Es que en el lenguaje de todos los partidos populistas abundan las ideas de “distribución de la riqueza”, pero para ello deben recurrir primero a las confiscaciones de la misma porque fueron incapaces de generarla ellos mismos, a través de sus inútiles “planes quinquenales”, o de otros proyectos faraónicos e ilusorios como “polos informáticos”, “parques industriales”, traslado de capitales, trenes bala, cohetes a Tokio, y otros desvaríos. Abundan los subsidios, como también los pedidos al exterior de préstamos para financiar el déficit (que ellos mismos crearon con sus políticas de ineptos y ladrones), vemos el crecimiento constante del gasto público –sólo otorgando contratos a los amigos que proveerán del consabido “retorno”, antes llamado “coima”. Se ceban en el control estatal de las variables del mercado, como si alguna vez hubiesen surtido efecto. Recordamos aún las palabras del Secretario de Comercio Interior de Alfonsín, Ricardo Campero (era su yerno) diciendo ante los micrófonos, después del fracaso de sus medidas para controlar la suba de precios de la canasta familiar en 1989, “Esta semana los precios han tenido un comportamiento fascista”. (!) O recordar al Sr. Moreno, su INDEK, su revólver sobre la mesa y sus amenazas a industriales, comerciantes y gente del campo. Muy partidocrático, por supuesto.

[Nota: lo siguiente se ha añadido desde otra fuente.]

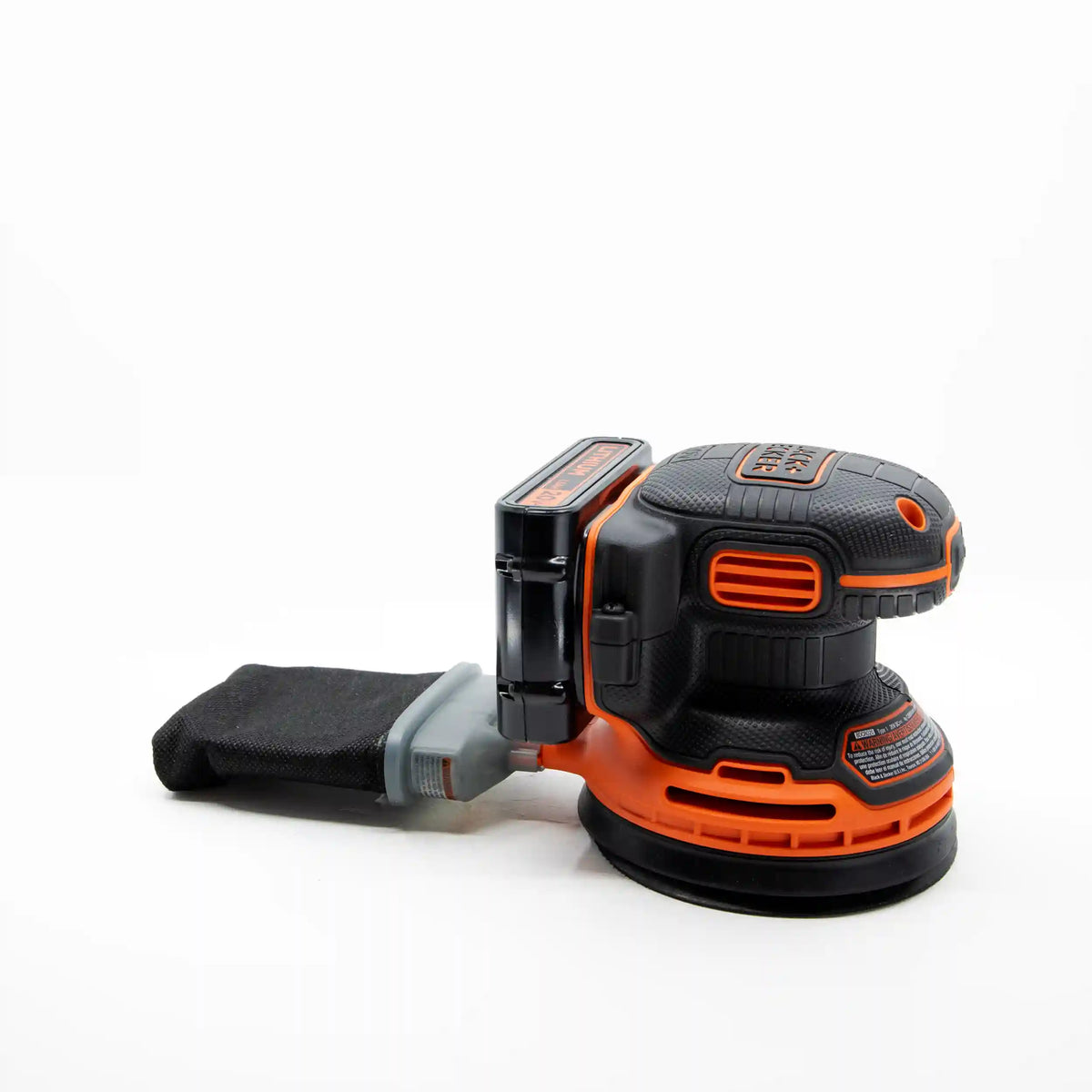 20V MAX* POWERCONNECT™ Cordless Random Orbital Sander, Battery and Charger Included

Hemos visto toda clase de disparates en el manejo de la administración pública nacional, controles de cambio, tablitas de ajuste hipotecarias, festivales de bonos de todos los colores, déficit cuasi-fiscales, precios máximos y por supuesto, las famosas y anticonstitucionales “retenciones a la producción del agro.” Dislates sin pausa y sin fin. Un observador internacional dijo que gracias a Dios la Argentina se recupera durante la noche –horas en que los políticos no están “trabajando”. Pero no son los políticos los únicos responsables del descalabro y del cáncer terminal de la Argentina. El sindicalismo es quizás el verdadero y más efectivo salvavidas de plomo que debemos tratar de eliminar lo más rápidamente posible.